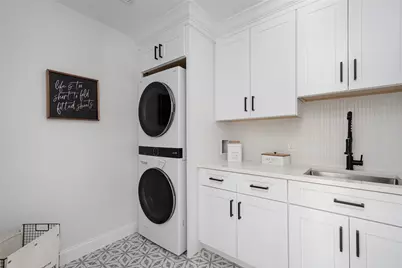 5 Braeburn Circle, Cranston, RI 02921 - Photo 32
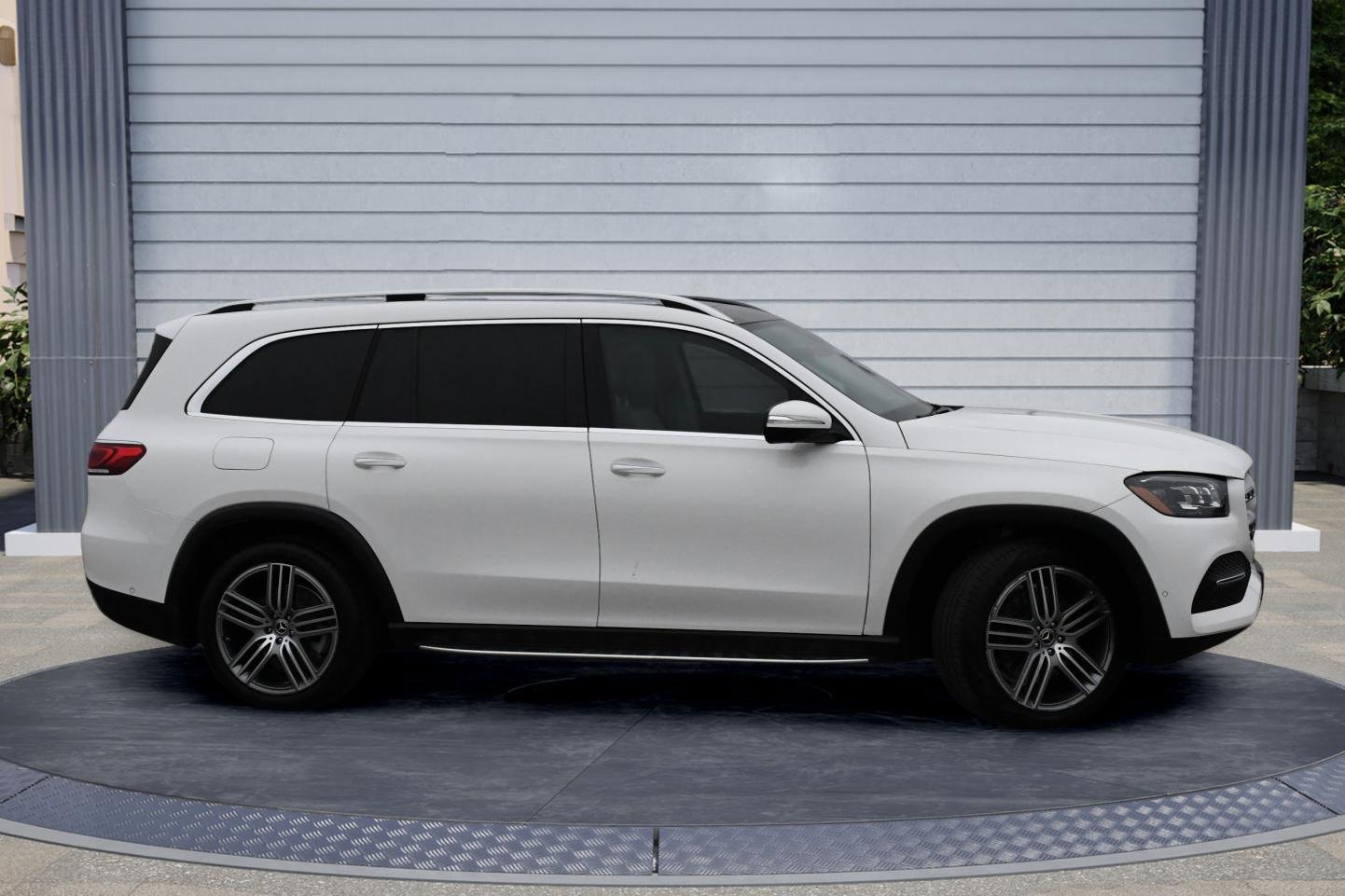 Used 2021 Mercedes-Benz GLS 450 4MATIC image 3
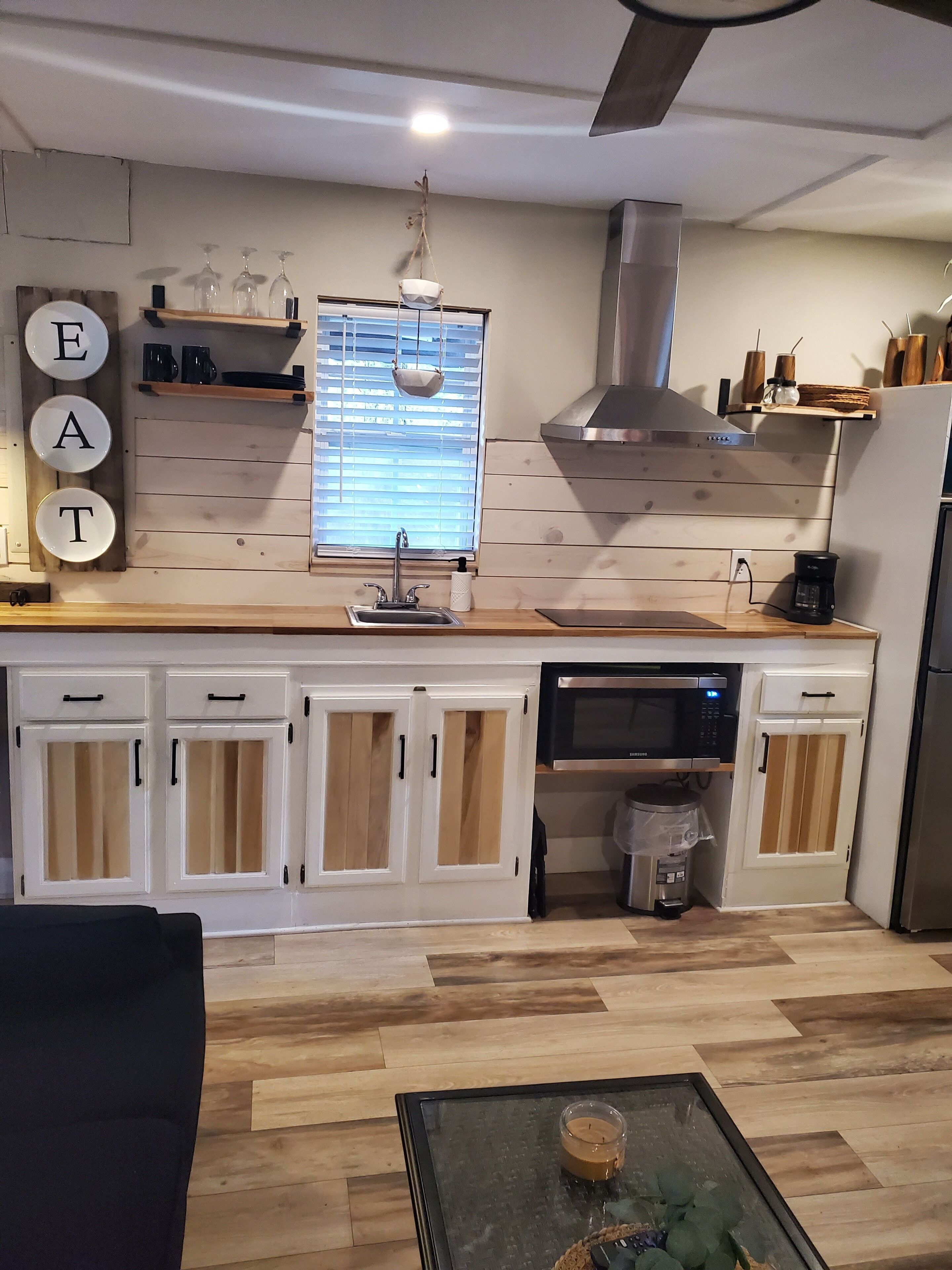 Jääkaappi, mikroaaltouuni, liesi, kahvin-/teenkeitin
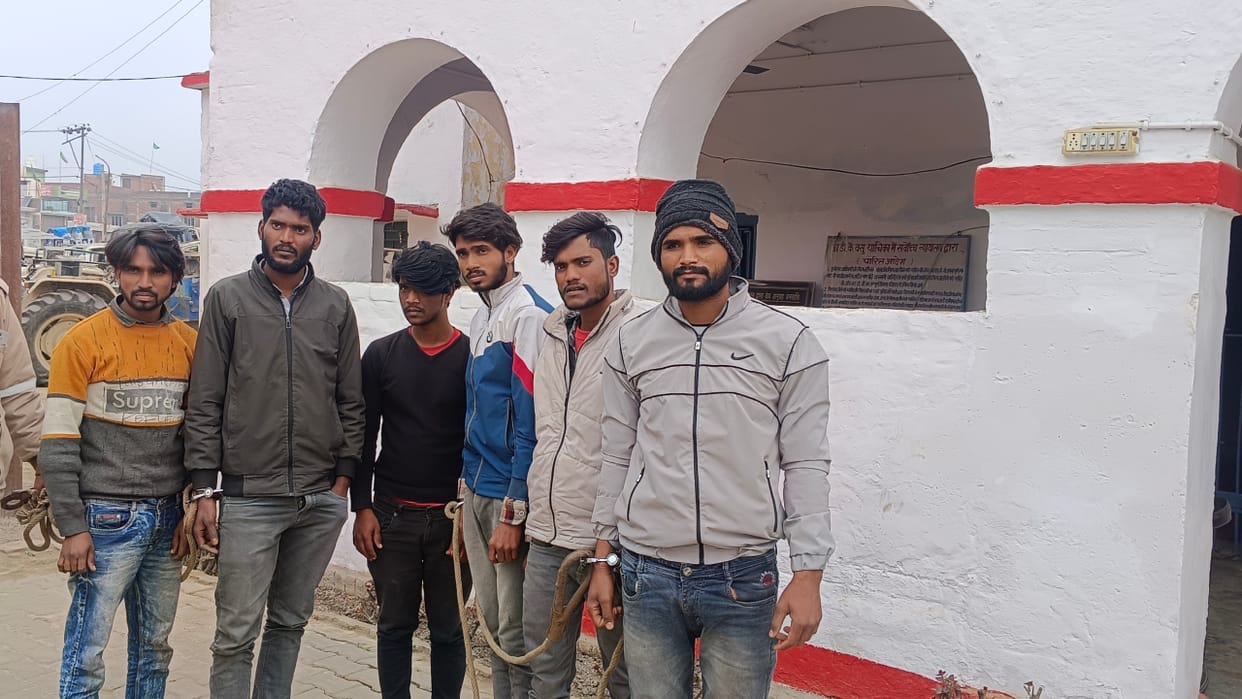 Police arrested six thieves in Bareilly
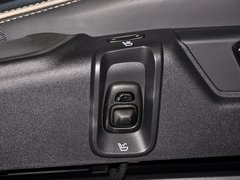 2013款 2.5T 自动 行政升级版 7座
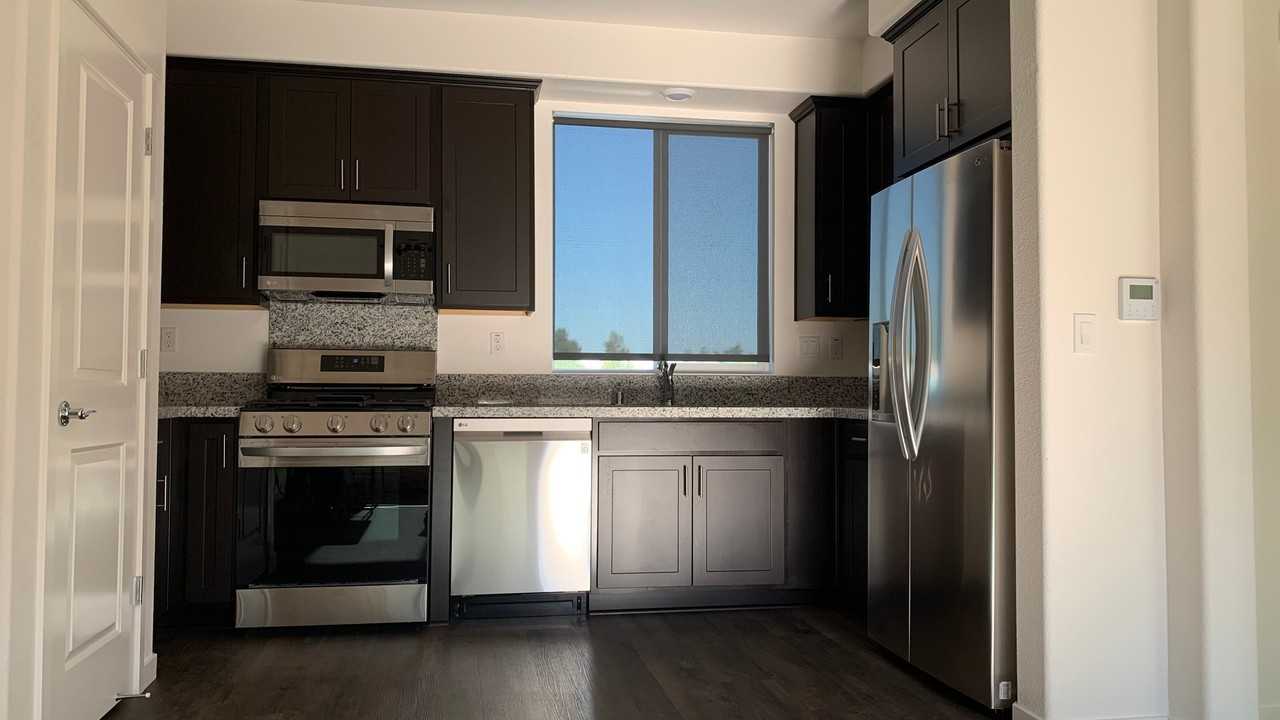 2500 Wildflower Station Pl - Photo 5 of 21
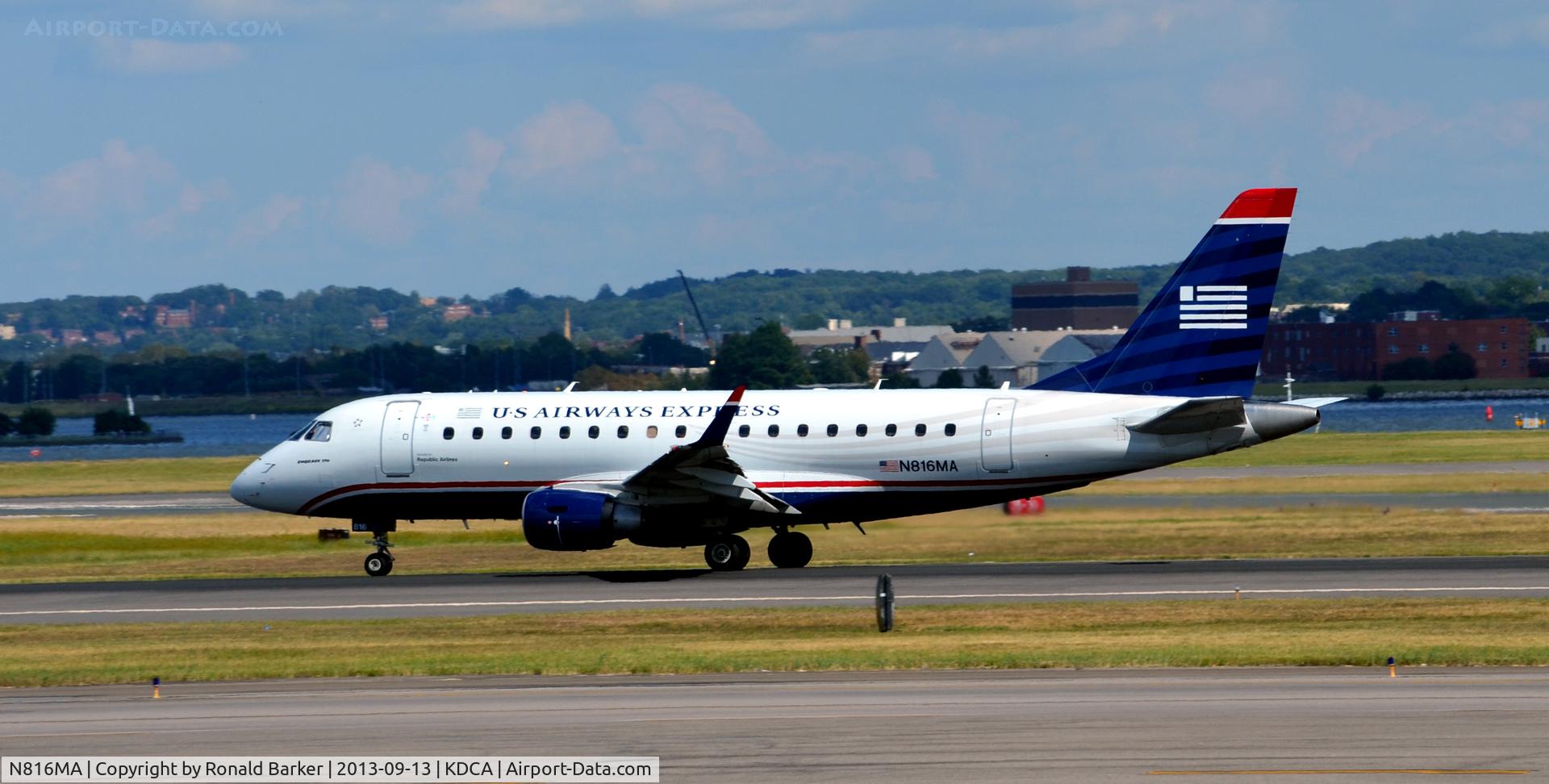 N816MA, 2004 Embraer 170SU (ERJ-170-100SU) C/N 17000037, Takeoff National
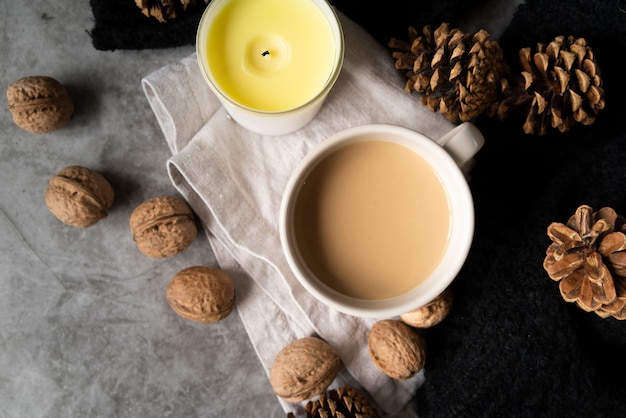 Kostenloses Foto draufsichtdekoration mit kaffeetasse und kerze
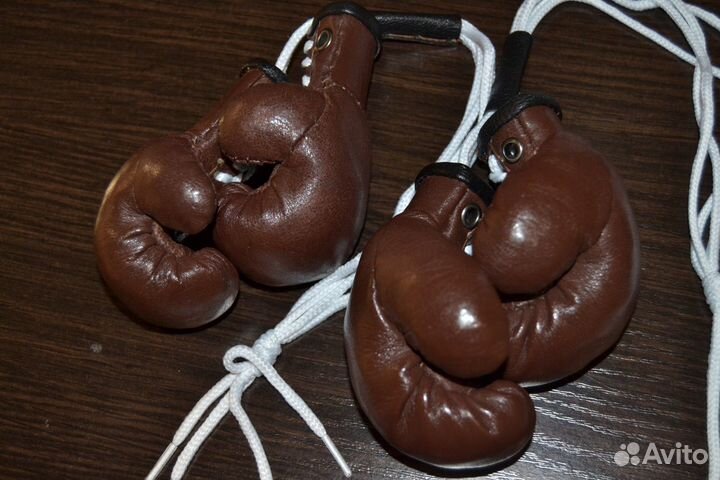 Две пары коричневых сувенирных боксерских перчаток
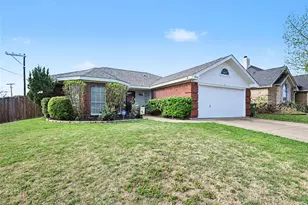 6056 Hillglen Dr, Watauga, TX 76148 - Photo 2
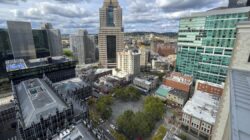 피츠버그 시는 NFL 드래프트 기간 동안 어린이를 안전하게 보호하기 위해 폭력 방해자와 협력합니다.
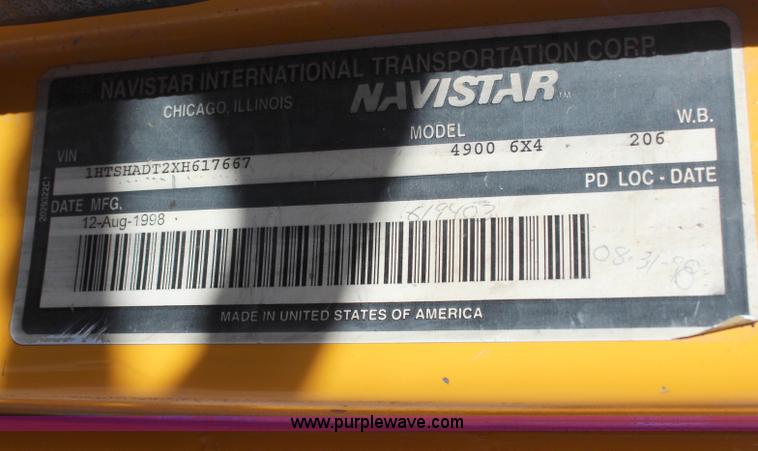 image for item H6798 1999 International 4900 dump truck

◇ ◇ ◇ ◇ ◇ ◇ ◇

#### [TASK BRIEF]
Drop the images and transcribe the entries above exactly.

#### [RESULT FOR THIS EXERCISE]
 5 Braeburn Circle, Cranston, RI 02921 - Photo 32
 Used 2021 Mercedes-Benz GLS 450 4MATIC image 3
 Jääkaappi, mikroaaltouuni, liesi, kahvin-/teenkeitin
 Police arrested six thieves in Bareilly
 2013款 2.5T 自动 行政升级版 7座
 2500 Wildflower Station Pl - Photo 5 of 21
 N816MA, 2004 Embraer 170SU (ERJ-170-100SU) C/N 17000037, Takeoff National
 Kostenloses Foto draufsichtdekoration mit kaffeetasse und kerze
 Две пары коричневых сувенирных боксерских перчаток
 6056 Hillglen Dr, Watauga, TX 76148 - Photo 2
 피츠버그 시는 NFL 드래프트 기간 동안 어린이를 안전하게 보호하기 위해 폭력 방해자와 협력합니다.
 image for item H6798 1999 International 4900 dump truck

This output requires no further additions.